Kurrajong Adventures


So we pack up the Expanda – by now we are experts (and experts always get complacent) and trundle off around the cape 70ks to our new home. On the way we drop in at Dunes to check the surf – the girls have given permission for Sam and I to have one last surf before we disappear down the coast another 50ks. That said it is the kind of permission that says ‘ok… You surf and we will wait patiently doing nothing until you get back…’ Ellie is less careful ‘they’re doing what? You’re kidding!’

So we drive van and car into the carpark hoping there are no unexpected events happening that will necessitate a careful maneuver reversing out. Quite the opposite – the carpark has 4 cars and we have come to realise this means the surf is small. A couple of young Aussie blokes head over the hill to join the one Euro Touro in the water waiting for whatever waves may appear. It is high tide but the small swell is barely breaking so after 5 minutes of enjoying the view we agree  together that there isn’t much point in paddling out. Sam is agreeing less than the rest of us – he has just found his surfing legs so any wave is better than no wave. He is a compliant kid though so the family ‘no vote’ wins and we hop back in the car bound for the North Kurrajong campground.


30 minutes later we arrive to a half empty campground and locate our area, a huge bay next to Martin and Rosemary, a pair of nomads from Queensland. They seem friendly enough and are your typical senior cit on the road, traveling frugally and passing on all of their accumulated wisdom to anyone who will listen.

We set up the van – we are now experts remember?… Unfortunately none of us remembers to switch the fridge to gas and in the morning there is a distinct sense that all is not cold. It looks like we have caught it before it got ugly so we should survive without a long drive back to Exmouth to replenish.

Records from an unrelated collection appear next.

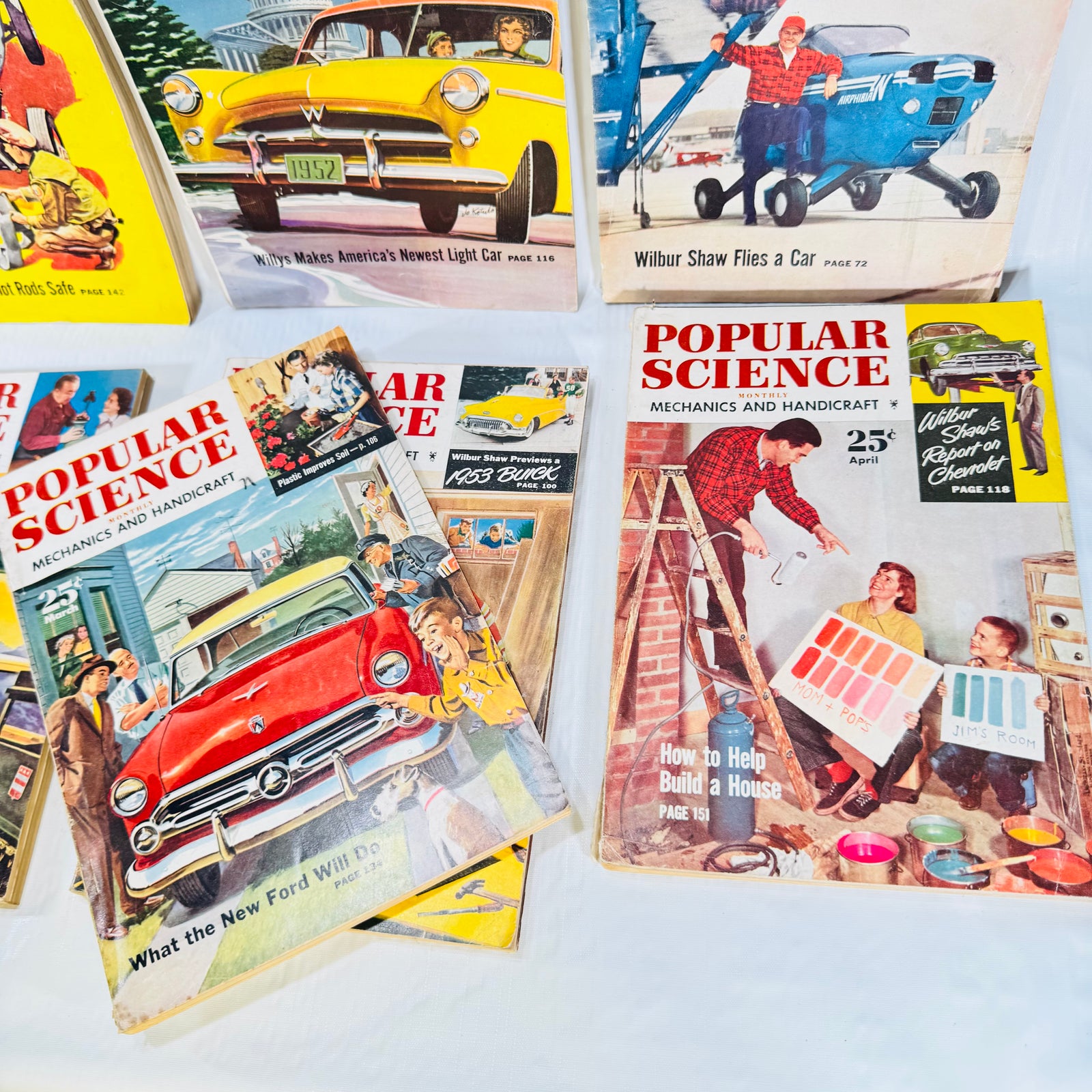 Popular Science 1952 Magazine Bundle, 7 Issues, Vintage Cars Aviation and Mechanics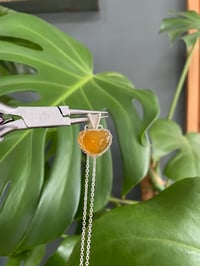 Image 2 of Silver Orange Agate Heart Crystal Necklace
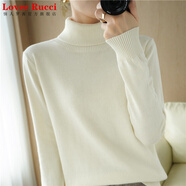 LOVER RUCCI100%純棉針織衫女半高領(lǐng)毛衣2025新款秋冬爆款長(zhǎng)袖加厚內(nèi)搭打底衫 米白色【高翻領(lǐng)】 M
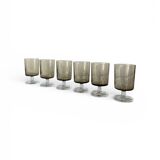 6 vintage grey smoked glasses Luminarc model Sweden wine or water glasses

The wind has turned strong northerly as Sam and I head up to check out the beach. On the drive down we had discussed the surf that breaks in the reefs around 600-700m offshore and agreed we would paddle out to see what we could find. Sam is keen to go. He wants to ‘get some barrels, slam some cutties, smash the lip…’ In reality he may stand up and stodgily flounder down the face of the wave before stacking it at the bottom, but I choose not to erase his grand vision.

We wait until 4pm to paddle out and give the wind a chance to drop. It mellows a little and we begin the paddle – me on my 8’8″ mal and Sam on his short board. I stop every 3 minutes to allow him to catch up. It’s mid tide, but by the time we get close to the reef my fingers are getting scratched by coral as we paddle. Each stop has me trying not to rest a foot on the increasingly shallow ocean bottom. Sam is now worried about sharks, coral, the distance and pretty much everything you can imagine. He finds fear in the strangest places…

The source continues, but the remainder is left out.